Urban Photographer Roman Robroek Spent 5 Years Scouring The Continent For The Grandest Examples Of Forgotten Architectural Beauty – Design You Trust — Design Daily Since 2007

Urban Photographer Roman Robroek Spent 5 Years Scouring The Continent For The Grandest Examples Of Forgotten Architectural Beauty


A room with a view in Italy.

Dutch photographer Roman Robroek captures some of the most hauntingly beautiful spaces in pristine detail using only natural light. Roman’s fascination with these modern day ruins began along with his career in urban photography. Throughout his travels photographing buildings, he’d inevitably stumble across a great number of abandoned structures, many of them impressive in scope and size.

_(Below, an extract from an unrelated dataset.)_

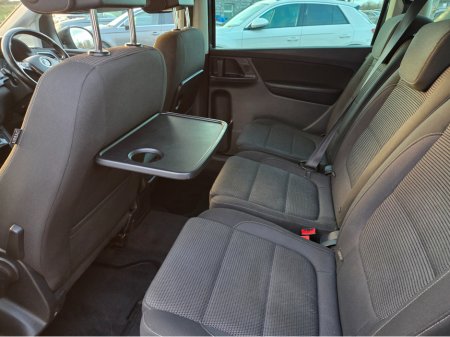 2017 Volkswagen Sharan TDI SE BLUEMOTION 150PS 5DR 2.0 7SEATS €19,950 thumbnail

This environmental factor would become the subject of great curiosity for Roman. He began to wonder about the people who lived there – what their stories were and why they left. These images represent a longing look through the veil of time, leaving it up to the viewer to create the narrative for the thousands of stories that have unfolded. These spaces carry history beyond the grasp of modern memory, and the sheer opulence of many of them takes us to the same space of mystery and wonder that attracted Roman to these decaying relics of a bygone era.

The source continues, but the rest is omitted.